The dramatic step by the FBI, which is run by Trump appointee Christopher Wray, in searching the former president’s Mar-a-Lago estate has increased speculation that Trump is in legal jeopardy. The search was reportedly focused on the retention of classified materials and came after the FBI secured a search warrant from a federal magistrate judge.

Trump has decried the situation as politically motivated. As news of the search broke Monday night, the White House would only say that it “did not have notice of the reported action.”

Republican strategist Doug Heye argued that the president’s best strategy is to avoid politicizing the operation to show the differences between Biden and Trump.

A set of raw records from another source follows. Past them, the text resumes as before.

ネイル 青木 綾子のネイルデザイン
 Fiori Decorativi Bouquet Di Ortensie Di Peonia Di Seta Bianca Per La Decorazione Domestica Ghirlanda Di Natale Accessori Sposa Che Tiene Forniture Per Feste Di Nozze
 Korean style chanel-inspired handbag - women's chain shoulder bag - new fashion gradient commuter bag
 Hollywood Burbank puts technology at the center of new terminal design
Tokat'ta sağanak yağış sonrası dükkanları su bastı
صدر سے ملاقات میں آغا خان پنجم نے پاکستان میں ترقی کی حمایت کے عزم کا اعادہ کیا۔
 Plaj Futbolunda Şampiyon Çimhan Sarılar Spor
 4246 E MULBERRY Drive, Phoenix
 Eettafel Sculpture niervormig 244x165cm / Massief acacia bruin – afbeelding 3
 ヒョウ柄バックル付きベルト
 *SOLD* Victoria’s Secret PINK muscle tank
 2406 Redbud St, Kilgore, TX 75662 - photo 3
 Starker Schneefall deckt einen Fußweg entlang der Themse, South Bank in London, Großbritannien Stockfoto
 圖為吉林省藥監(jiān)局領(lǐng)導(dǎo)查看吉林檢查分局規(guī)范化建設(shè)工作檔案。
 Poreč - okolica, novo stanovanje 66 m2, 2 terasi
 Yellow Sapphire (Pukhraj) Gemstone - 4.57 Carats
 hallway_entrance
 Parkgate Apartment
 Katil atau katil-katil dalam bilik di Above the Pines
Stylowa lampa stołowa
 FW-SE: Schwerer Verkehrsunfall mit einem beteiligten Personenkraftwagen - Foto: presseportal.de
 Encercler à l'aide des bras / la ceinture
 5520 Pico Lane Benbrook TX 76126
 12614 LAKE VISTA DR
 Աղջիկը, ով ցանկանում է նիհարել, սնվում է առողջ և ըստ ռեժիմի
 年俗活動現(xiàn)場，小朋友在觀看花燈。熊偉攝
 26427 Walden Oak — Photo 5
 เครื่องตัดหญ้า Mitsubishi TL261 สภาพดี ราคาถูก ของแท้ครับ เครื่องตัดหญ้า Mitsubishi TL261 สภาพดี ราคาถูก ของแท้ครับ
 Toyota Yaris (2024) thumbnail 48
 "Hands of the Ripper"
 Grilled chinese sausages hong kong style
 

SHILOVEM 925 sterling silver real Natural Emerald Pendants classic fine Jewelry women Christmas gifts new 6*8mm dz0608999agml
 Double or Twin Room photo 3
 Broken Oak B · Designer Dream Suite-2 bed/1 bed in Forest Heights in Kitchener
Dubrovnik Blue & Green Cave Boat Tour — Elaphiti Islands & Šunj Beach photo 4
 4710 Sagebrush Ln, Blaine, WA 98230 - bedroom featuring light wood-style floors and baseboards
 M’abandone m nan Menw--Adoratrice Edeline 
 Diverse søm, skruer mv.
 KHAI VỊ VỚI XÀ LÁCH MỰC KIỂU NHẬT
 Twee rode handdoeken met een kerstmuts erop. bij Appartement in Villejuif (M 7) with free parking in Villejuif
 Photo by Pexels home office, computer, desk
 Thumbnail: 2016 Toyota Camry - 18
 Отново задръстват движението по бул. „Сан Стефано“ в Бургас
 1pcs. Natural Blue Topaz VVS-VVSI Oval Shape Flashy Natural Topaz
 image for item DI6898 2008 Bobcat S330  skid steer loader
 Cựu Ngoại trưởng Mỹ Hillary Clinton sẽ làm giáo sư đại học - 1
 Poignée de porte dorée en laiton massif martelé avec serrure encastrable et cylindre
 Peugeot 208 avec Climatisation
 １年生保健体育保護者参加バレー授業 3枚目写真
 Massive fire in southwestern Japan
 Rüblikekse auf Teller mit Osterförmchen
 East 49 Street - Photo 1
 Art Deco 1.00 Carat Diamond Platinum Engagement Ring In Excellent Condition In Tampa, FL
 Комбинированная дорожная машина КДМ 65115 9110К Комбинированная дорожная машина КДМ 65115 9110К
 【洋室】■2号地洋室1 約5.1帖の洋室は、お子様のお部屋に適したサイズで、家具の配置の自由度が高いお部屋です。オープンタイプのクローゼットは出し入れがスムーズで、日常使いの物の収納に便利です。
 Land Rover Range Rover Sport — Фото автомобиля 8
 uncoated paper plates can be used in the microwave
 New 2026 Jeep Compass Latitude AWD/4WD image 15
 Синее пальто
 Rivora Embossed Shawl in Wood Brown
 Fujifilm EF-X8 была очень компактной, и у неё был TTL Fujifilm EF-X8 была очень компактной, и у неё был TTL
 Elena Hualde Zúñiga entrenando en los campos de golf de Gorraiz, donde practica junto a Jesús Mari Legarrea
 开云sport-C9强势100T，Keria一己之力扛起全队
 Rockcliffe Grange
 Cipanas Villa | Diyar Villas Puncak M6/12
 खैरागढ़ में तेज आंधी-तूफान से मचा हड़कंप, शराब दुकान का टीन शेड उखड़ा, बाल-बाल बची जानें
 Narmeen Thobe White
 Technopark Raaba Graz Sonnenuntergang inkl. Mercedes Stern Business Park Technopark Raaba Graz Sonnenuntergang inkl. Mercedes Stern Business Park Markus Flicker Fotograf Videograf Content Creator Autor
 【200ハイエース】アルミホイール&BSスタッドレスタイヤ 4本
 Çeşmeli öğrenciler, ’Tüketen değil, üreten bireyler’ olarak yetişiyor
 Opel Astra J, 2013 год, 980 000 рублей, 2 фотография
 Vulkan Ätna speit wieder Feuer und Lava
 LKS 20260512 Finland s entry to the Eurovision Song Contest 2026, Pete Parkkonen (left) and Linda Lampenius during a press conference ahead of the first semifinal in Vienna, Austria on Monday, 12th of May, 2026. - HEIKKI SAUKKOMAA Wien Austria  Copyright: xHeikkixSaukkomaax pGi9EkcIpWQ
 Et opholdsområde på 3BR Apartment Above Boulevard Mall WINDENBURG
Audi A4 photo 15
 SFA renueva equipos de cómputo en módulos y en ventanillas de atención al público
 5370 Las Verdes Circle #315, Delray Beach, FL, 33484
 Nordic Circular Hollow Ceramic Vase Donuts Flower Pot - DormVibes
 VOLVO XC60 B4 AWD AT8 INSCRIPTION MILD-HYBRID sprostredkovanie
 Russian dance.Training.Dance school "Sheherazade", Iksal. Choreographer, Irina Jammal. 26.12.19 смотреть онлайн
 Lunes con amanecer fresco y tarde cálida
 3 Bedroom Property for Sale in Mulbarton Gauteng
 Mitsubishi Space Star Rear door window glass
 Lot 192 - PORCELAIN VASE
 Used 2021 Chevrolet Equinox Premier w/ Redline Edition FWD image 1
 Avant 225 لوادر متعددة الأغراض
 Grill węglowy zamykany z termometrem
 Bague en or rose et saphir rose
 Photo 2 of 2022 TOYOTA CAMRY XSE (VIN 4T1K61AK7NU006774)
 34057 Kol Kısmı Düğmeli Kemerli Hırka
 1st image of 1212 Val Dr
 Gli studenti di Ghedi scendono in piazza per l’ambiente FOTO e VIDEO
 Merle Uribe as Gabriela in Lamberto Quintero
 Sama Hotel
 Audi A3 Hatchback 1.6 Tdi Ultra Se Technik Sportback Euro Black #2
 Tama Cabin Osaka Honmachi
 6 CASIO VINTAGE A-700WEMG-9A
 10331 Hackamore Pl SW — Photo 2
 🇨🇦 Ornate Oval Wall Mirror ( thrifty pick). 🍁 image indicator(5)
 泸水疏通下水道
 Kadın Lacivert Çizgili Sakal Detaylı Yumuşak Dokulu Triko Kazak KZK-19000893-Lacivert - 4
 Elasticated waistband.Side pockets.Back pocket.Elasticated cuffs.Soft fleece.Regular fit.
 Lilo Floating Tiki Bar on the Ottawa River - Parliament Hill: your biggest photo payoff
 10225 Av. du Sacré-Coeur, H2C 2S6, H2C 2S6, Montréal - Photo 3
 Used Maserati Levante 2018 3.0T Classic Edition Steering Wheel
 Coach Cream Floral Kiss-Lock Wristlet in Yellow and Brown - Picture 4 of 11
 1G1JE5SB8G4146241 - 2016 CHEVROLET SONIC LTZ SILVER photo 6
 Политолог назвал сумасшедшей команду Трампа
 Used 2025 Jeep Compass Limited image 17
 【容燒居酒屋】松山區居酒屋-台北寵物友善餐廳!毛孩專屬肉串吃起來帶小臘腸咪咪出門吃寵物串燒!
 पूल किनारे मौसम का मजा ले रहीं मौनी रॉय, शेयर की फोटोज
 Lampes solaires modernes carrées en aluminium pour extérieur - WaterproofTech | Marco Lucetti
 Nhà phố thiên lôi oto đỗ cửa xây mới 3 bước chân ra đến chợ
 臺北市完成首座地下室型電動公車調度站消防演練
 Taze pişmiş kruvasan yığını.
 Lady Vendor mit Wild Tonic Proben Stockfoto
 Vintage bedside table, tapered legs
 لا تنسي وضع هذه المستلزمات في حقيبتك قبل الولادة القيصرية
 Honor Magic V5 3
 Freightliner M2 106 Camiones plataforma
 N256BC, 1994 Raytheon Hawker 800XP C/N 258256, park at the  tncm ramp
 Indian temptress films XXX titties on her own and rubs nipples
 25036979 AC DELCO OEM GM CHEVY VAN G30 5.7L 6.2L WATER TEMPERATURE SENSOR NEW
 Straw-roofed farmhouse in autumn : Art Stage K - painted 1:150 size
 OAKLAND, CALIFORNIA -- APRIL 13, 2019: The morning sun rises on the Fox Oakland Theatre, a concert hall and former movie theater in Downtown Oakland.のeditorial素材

“Biden should resist acting as Trump did in politicizing the Department of Justice and FBI and remain above the fray. And he should make that clear every opportunity he gets,” Heye said.

One Democratic strategist said all Biden has to do is “get out of the way.”

“Get out of the way and stay out of the way and let him implode,” the strategist said. “He was bound to implode sooner or later. All the better now while Biden is gaining wins.”

A Democratic donor agreed, adding that the White House should keep quiet.

“Sometimes silence says it all,” the donor said. “Silence is the way to go.”

The search comes as speculation grows over whether — and when — Trump will announce his candidacy in 2024 and whether Biden will be too old if he runs in the next presidential election cycle.  

Biden said in an interview that month that he wouldn’t be disappointed if 2024 was a rematch between himself and Trump.

Biden will be 81 years old in 2024. Last month, Democratic Rep. Dean Phillips (Minn.) said he would not support Biden if he ran for reelection. 

Other Democrats have dodged the question entirely. 

“Is the timing of this event politically awkward? Sure. With Trump around, it always will be. Nonetheless, the FBI and the Justice Department must do their work despite the political environment,” said former Rep. Chris Carney (D-Pa.), a Biden ally.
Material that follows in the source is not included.